Epoch is: 1 and Cost is: 899.7969251015625
Epoch is: 2 and Cost is: 799.5940506091746
Epoch is: 4 and Cost is: 599.1889028409441
Epoch is: 8 and Cost is: 428.5146779453645
Epoch is: 16 and Cost is: 346.88500355850755
Epoch is: 32 and Cost is: 318.6944705048911
Epoch is: 64 and Cost is: 312.5066892754299
Epoch is: 128 and Cost is: 312.50668841925705


In [19]:
# Evaluate training and testing precision and recall

print("accuracy on train dataset: {}".format(accuracy_score(y_train, y_train_pred)))
print("recall on train dataset: {}".format(recall_score(y_train, y_train_pred)))
print("precision on train dataset: {}".format(recall_score(y_train, y_train_pred)))

accuracy on train dataset: 0.6875
recall on train dataset: 1.0
precision on train dataset: 1.0


In [20]:
print("accuracy on test dataset: {}".format(accuracy_score(y_test, y_test_pred)))
print("recall on test dataset: {}".format(recall_score(y_test, y_test_pred)))
print("precision on test dataset: {}".format(recall_score(y_test, y_test_pred)))

accuracy on test dataset: 0.5
recall on test dataset: 1.0
precision on test dataset: 1.0


##Task 2: Implement sklearn's SVM


In [21]:
# Use the preprocessed dataset here

In [22]:
# Divide the dataset to training and testing set

In [23]:
# Train SVM model using sklearn's SVM

model = SVC(kernel = 'linear')
model.fit(X_train, y_train)

SVC(kernel='linear')

In [24]:
y_train_pred = model.predict(X_train)
y_test_pred = model.predict(X_test)

In [25]:
# Evaluate training and testing precision and recall
print("accuracy on train dataset: {}".format(accuracy_score(y_train, y_train_pred)))
print("recall on train dataset: {}".format(recall_score(y_train, y_train_pred)))
print("precision on train dataset: {}".format(recall_score(y_train, y_train_pred)))

accuracy on train dataset: 1.0
recall on train dataset: 1.0
precision on train dataset: 1.0


In [26]:
print("accuracy on test dataset: {}".format(accuracy_score(y_test, y_test_pred)))
print("recall on test dataset: {}".format(recall_score(y_test, y_test_pred)))
print("precision on test dataset: {}".format(recall_score(y_test, y_test_pred)))

accuracy on test dataset: 0.875
recall on test dataset: 1.0
precision on test dataset: 1.0



## Task 3: Compare your SVM with sklearn's SVM with concluding remarks


Sklearn implementation with linear kernel and default settings does very well compared to the custom model built from scratch.

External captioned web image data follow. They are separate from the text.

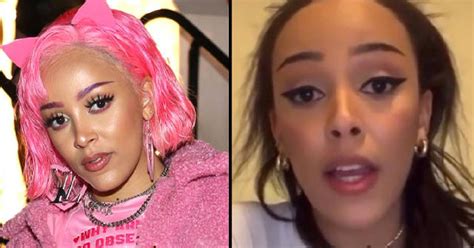 did doja cat get implants|what happened to doja cat.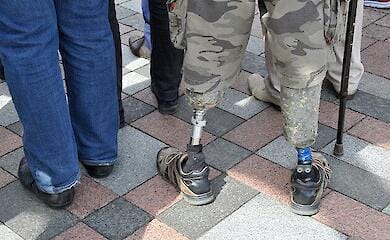 Up to 50 thousand Ukrainians lost one or more limbs since the beginning of the full-scale war 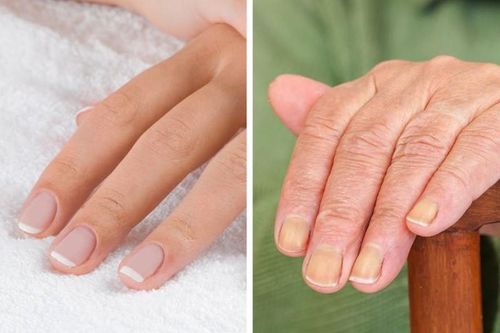 7 bộ phận cơ thể 'tố cáo' tuổi thật mà bạn không thể giấu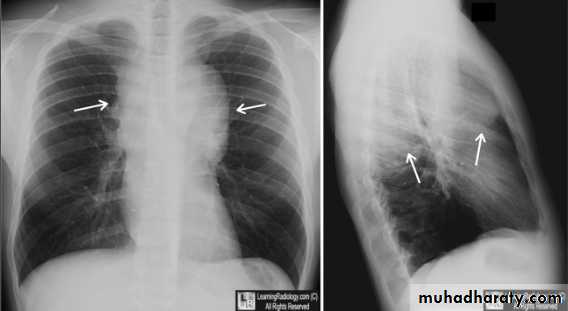 Mediastinum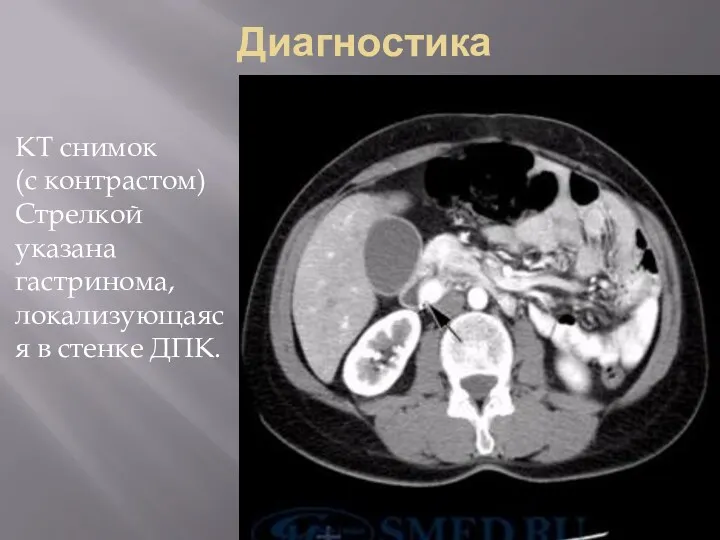 Диагностика КТ снимок (с контрастом) Стрелкой указана гастринома, локализующаяся в стенке ДПК.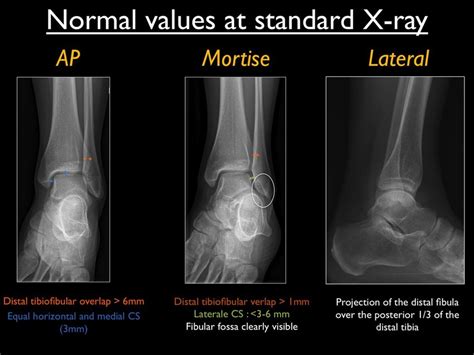 Normal Values At Standard X Ray Views Ap Mortise And Lateral Of The Download Scientific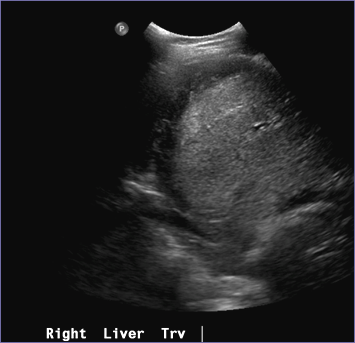 r lobe trv.jpg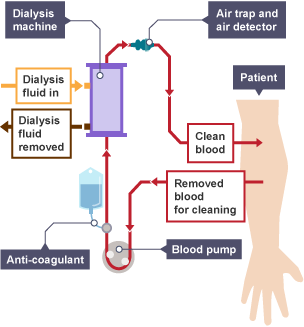 Diagram of a dialysis machine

In our custom built model, i believe the poor performance was due to very less amount of data. Also the sgd function might be lacking in polynomial aspects to produce better fitting decision boundaries.

Though the training accuracy was more, the accuracy on the testing set was just 50 % which is equivalent to random guessing.

Since the recall was 1, so i think the reason is less amount of data, also since the data was shuffled before splitting, maybe the distribution of the test set data was different from that of the training set.